1945年春、陸軍は予想される米軍の攻勢に備えて軍の精鋭を台湾に移動させる。

台湾戦が決戦場となると勝手に思い込んでが、米軍は台湾を越えて沖縄の南部に押し寄せる。ここでも陸軍の勘違いで、沖縄の北部に飛行場があったので、米軍は北部上陸だろうと考えていたが、米軍にとっては飛行場など大型重機ですぐに出来るので、人口が多く島の中心の南部から一斉に押し寄せて上陸攻撃してくる。

そして、手薄になった沖縄の防衛については、陸軍中野学校の2人の将校が派遣されて、14歳から18歳までの少年を「護卿隊」を組織してスパイ戦をさせる。市川雷蔵主演、増村保造監督の『陸軍中野学校』シリーズは非常に面白かったが、市川雷蔵の現代劇出演に反対する撮影所内部の声で、太平洋戦争が始まる『開戦前夜』で終わってしまう。

だが、本当の中野学校生の活躍はそこから始まっていたのであり、言わば「実録中野学校」である。

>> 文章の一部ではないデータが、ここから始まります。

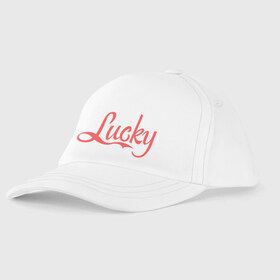 Детская бейсболка с принтом Lucky logo в городе Новоалтайск, 100% хлопок | классический козырек, металлическая застежка-регулятор размера | lucky | счастливчик | удача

そして、6月の日本軍の降伏以後も、少年らで北部のゲリラ戦を展開させる。その証言は、凄惨の一語に尽きる。

2人の将校は、生き残り、戦後も沖縄に来て元少年兵士たちと交流されたそうだ。そして、将校の一人は、沖縄に毎年ソメイヨシノの苗を送り続けたが、亜熱帯の沖縄では一度も根付かなかったとのことで、この辺も中野学校生と沖縄とのすれ違いが実証される。

次は、波照間島で、そこは軍隊を置いていなかったので、軍は住民を隣の西表島に強制移住させる。だが、当時西表島は、マラリアの汚染地域で、免疫のない波照間の住民は次々にマラリアになってしまう。

最後は、軍の地下倉庫の運搬を手伝っために、情報漏洩の恐れでスパイとして殺されせそうになった女性の証言。

いずれにしても、日本軍は、日本の住民を守るのではなく、軍自身を守り、最後は天皇を守るための軍隊だったことが明白になる。

1945年8月8日以降のソ連の満州侵攻では、最初に逃げ出したのが関東軍で、無防備な満州の日本人は置いてけぼりにされたのと同じである。

まことに恐ろしいことであるが、そうした日本軍の体質は、現在の自衛隊では完全に変わり、国民のための軍隊になっているのだろうか。